» **Exercise requirements**: Leaving out the pictures, retype the lines from the beginning of the listing through the line containing "Gatos y Perros expresivos 😍❤️ 5".

Segment Open

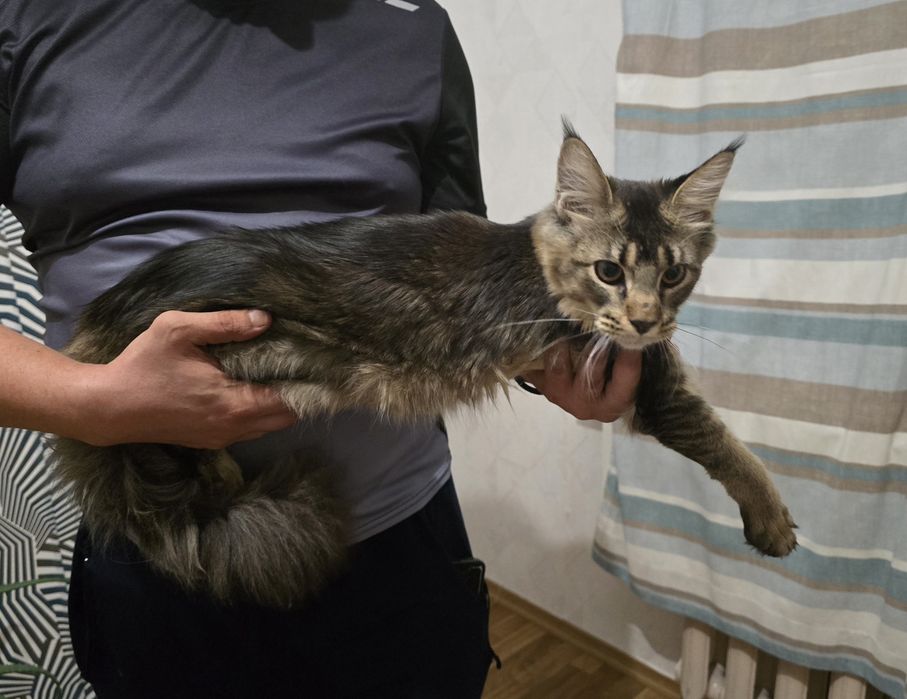 Срочно продам 6 мес девочку Мейн-куна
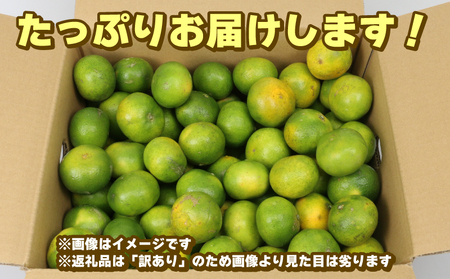 【ご家庭用】訳あり極早生みかん9kg玉津柑橘倶楽部|みかん(B010-072029)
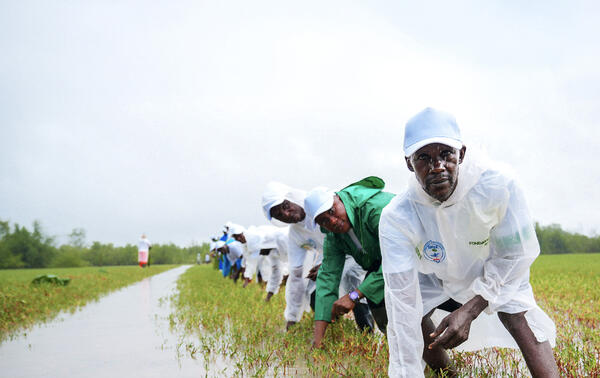 Une action en faveur de l'agriculture durable, Guinée. FONDATION OCP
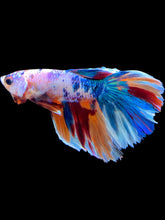 Load image into Gallery viewer, Male Halfmoon - Galaxy #2108 - Live Betta Fish
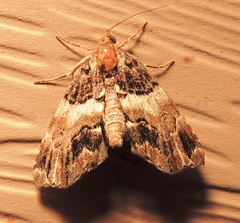 Cutina distincta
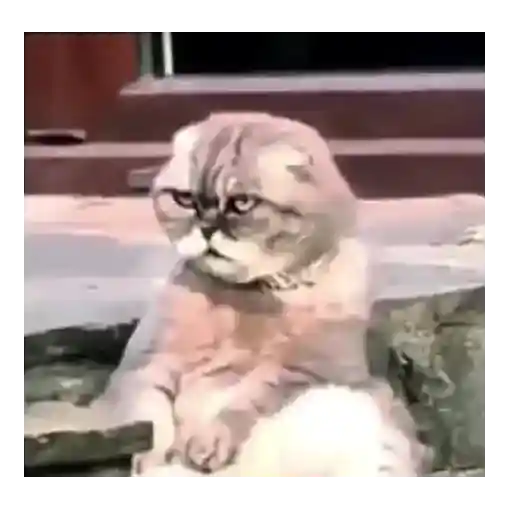 Gatos y Perros expresivos 😍❤️ 5
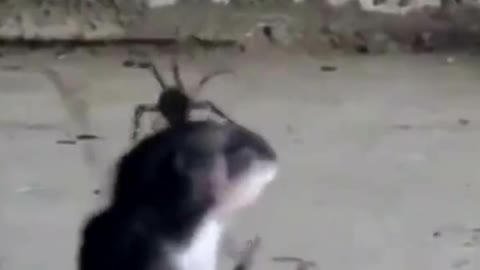 Spider caught his dinner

Segment Closed

» **Reply to the exercise**:
 Срочно продам 6 мес девочку Мейн-куна
 【ご家庭用】訳あり極早生みかん9kg玉津柑橘倶楽部|みかん(B010-072029)
 Une action en faveur de l'agriculture durable, Guinée. FONDATION OCP
 Load image into Gallery viewer, Male Halfmoon - Galaxy #2108 - Live Betta Fish
 Cutina distincta
 Gatos y Perros expresivos 😍❤️ 5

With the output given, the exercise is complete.